FPPU – Majelis Ulama Indonesia (MUI) mengeluarkan fatwa terkait penggunaan hasil investasi setoran awal biaya haji (BIPIH) calon jemaah. Dalam putusan tersebut, dijelaskan bahwa hukum penggunaan hasil investasi setoran awal BIPIH calon jemaah untuk membiayai jemaah lain adalah haram atau tidak diperbolehkan. Fatwa ini dipatenkan dalam Keputusan Ijtima’ Ulama Komisi Fatwa Se-Indonesia VIII Nomor 09/Ijtima’Ulama/VIII/2024 tentang Hukum Memanfaatkan Hasil Investasi Setoran Awal BIPIH Calon Jamaah Haji untuk Membiayai Penyelenggaraan Haji Jamaah Lain.

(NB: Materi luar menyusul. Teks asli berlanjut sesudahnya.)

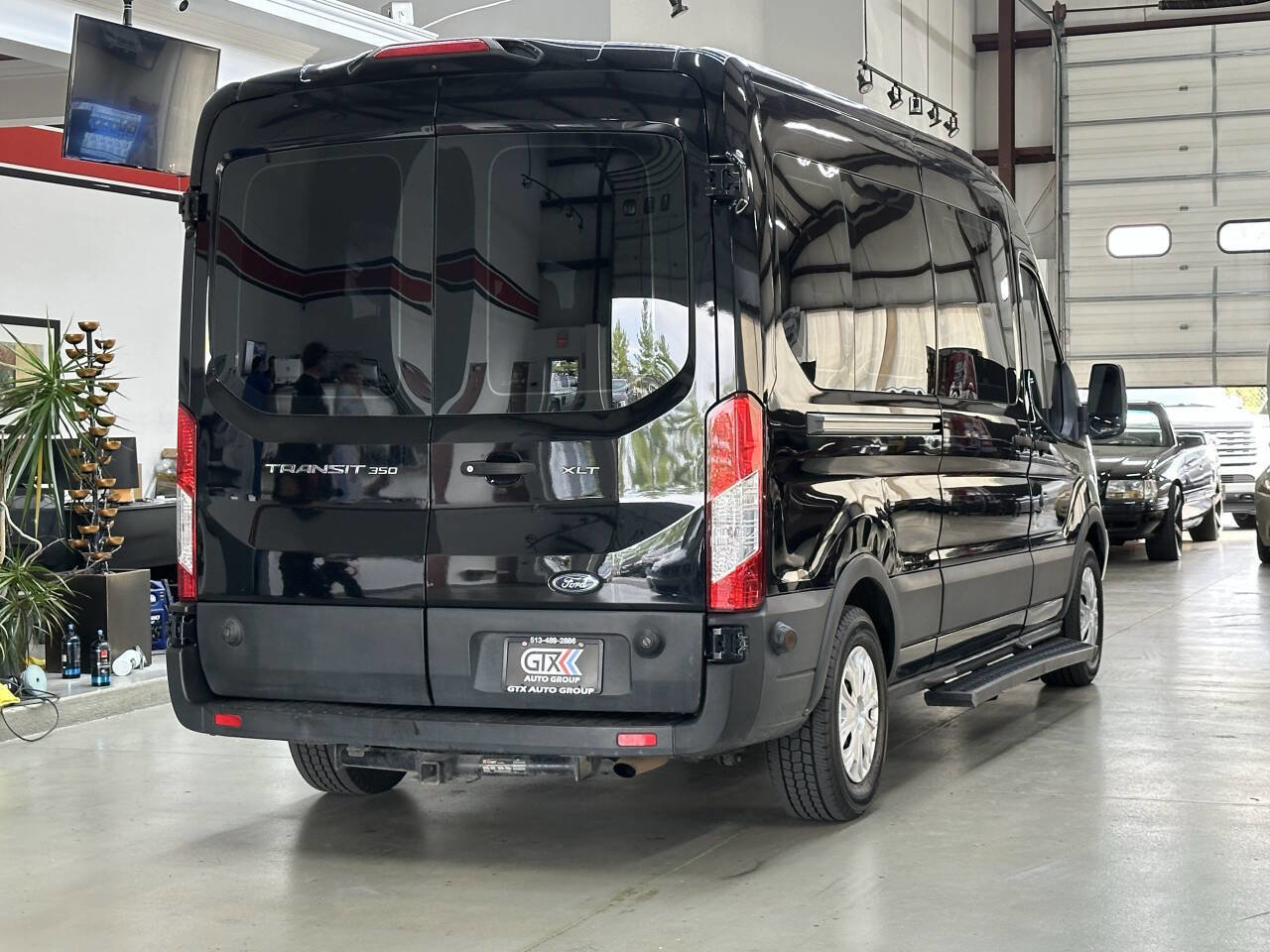 Used 2019 Ford Transit 350 XLT image 2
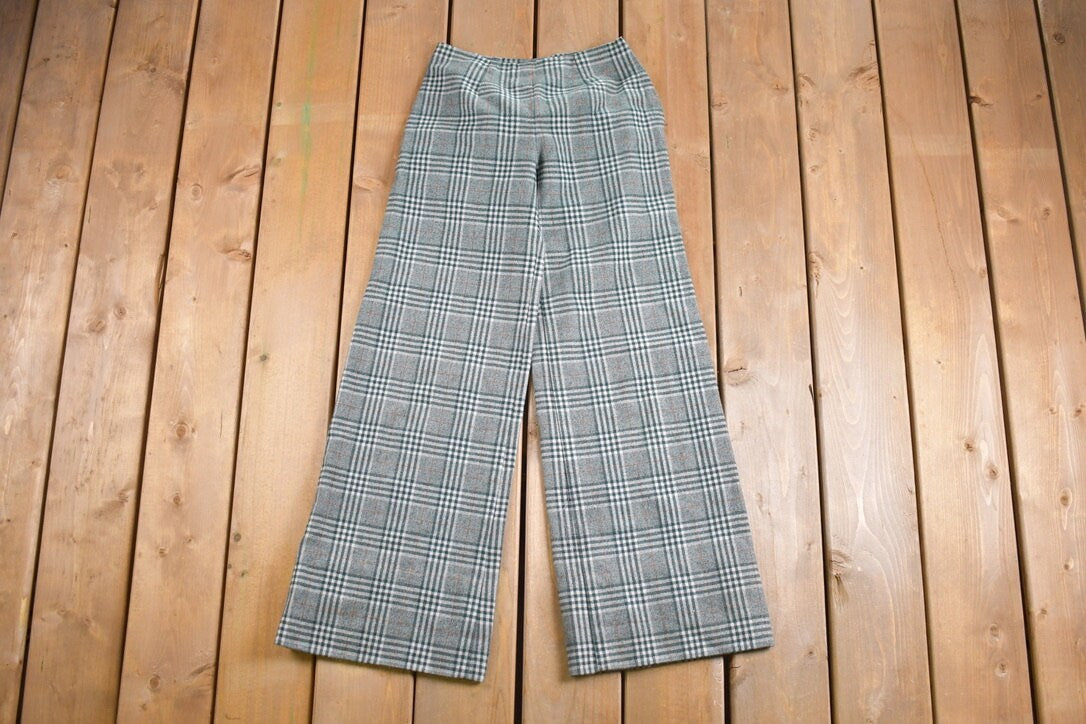 Vintage 1970s Flared Plaid Pants Size 25 x 28.5 / Flared Trousers / 70s Flares / Streetwear / Made In USA / True Vintage Womens Flares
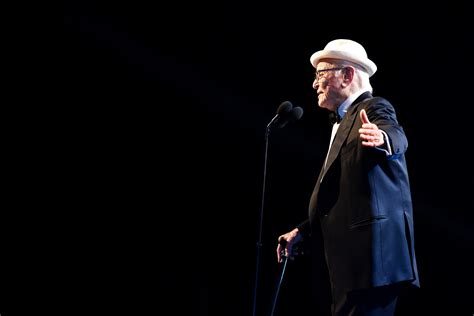 TV Producer of 'The Jeffersons' Norman Lear Has Died At 101 Trending ...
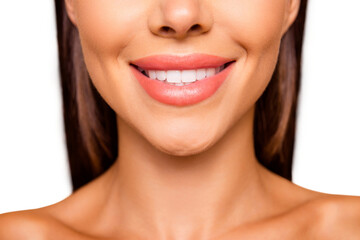 Obraz premium Cropped close up photo of good-looking lovely charming pretty brunette hair lady with her naked shoulders she makes beaming smile stand isolated on pastel beige background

“Hukum memanfaatkan hasil investasi setoran awal BIPIH calon jamaah haji untuk membiayai penyelenggaraan haji jamaah lain adalah Haram,” kata poin pertama dalam fatwa tersebut. Selain kegiatan pemanfaatan BIPIH, MUI juga menganggap orang yang mengelola dana tersebut berdosa jika menggunakan dana investasi untuk penyelenggaran ibadah haji jemaah lain.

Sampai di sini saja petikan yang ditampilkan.